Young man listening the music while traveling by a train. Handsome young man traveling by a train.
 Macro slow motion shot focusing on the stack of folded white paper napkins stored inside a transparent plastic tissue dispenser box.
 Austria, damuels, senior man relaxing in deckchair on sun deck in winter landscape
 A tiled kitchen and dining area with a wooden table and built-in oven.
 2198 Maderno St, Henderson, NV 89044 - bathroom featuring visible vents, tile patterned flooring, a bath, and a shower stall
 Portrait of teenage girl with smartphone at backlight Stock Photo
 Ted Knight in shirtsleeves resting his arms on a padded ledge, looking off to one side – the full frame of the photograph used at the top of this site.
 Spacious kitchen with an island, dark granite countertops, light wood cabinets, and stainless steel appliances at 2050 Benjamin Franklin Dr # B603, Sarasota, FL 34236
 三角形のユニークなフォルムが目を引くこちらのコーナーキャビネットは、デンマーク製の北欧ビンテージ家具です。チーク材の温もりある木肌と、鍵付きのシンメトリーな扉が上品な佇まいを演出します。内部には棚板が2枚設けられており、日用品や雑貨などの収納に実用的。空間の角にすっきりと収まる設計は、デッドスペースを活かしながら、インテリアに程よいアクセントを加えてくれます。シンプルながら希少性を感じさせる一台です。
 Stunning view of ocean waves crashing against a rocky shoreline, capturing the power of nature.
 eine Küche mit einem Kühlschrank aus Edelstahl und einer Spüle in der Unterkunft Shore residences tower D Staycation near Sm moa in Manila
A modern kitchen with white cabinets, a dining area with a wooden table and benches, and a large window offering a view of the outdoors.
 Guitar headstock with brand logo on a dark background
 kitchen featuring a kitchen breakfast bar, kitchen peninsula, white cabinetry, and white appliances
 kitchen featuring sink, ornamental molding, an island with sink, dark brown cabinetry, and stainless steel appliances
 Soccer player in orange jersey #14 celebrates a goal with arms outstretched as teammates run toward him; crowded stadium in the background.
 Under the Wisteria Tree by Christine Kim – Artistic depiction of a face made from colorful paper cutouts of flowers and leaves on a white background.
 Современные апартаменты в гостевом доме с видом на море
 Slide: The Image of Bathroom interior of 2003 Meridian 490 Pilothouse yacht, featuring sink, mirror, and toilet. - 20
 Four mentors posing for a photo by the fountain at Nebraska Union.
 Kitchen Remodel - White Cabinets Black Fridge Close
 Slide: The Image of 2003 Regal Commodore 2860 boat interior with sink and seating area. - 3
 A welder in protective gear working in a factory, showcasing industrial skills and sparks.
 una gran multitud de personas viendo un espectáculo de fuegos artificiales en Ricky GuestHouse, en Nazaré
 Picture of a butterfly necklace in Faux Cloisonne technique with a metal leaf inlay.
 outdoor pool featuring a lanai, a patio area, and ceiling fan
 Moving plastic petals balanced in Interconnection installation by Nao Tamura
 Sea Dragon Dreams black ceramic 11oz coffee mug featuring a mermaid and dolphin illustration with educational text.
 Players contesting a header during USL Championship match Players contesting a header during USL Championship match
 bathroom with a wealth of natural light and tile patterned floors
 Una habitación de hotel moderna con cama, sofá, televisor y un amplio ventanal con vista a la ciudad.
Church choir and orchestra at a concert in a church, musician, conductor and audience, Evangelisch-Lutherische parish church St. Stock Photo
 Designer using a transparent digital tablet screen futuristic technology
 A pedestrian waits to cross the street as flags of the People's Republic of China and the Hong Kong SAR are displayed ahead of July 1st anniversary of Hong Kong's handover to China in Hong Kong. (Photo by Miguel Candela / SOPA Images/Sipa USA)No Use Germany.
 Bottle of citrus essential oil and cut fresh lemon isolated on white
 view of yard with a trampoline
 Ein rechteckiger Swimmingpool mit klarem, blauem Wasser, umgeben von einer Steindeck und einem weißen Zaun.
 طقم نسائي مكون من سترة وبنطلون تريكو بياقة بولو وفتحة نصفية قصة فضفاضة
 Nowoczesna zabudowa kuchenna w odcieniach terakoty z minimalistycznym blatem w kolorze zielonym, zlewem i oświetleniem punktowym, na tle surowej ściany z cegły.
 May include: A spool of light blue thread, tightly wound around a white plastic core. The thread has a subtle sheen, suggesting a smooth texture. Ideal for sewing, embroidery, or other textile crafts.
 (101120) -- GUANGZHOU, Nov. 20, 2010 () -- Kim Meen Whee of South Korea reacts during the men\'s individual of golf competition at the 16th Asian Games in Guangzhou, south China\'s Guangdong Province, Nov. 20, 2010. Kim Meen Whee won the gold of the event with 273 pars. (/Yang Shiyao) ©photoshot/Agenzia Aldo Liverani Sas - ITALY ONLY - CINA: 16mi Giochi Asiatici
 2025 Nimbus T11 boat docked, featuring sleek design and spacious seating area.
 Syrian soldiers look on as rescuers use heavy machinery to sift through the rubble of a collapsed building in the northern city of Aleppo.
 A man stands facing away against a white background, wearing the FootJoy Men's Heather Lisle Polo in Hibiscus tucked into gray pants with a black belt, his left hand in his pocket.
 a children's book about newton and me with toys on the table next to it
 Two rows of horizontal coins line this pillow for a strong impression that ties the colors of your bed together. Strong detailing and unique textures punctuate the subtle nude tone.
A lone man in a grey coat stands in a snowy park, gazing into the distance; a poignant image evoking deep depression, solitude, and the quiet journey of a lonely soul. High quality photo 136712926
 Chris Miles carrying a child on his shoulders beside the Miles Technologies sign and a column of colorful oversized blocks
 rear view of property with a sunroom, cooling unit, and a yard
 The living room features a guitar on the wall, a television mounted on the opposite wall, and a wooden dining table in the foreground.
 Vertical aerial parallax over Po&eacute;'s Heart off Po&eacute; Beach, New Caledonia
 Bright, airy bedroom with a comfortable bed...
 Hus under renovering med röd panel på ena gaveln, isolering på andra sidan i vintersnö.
━━━━━━━━
• **What this task involves**
The response should be the listing above, limited to the lines between the one holding "Chris Miles carrying" and the one holding "The living room", inclusive, reproduced exactly.

• **Expected answer**
 Chris Miles carrying a child on his shoulders beside the Miles Technologies sign and a column of colorful oversized blocks
 rear view of property with a sunroom, cooling unit, and a yard
 The living room features a guitar on the wall, a television mounted on the opposite wall, and a wooden dining table in the foreground.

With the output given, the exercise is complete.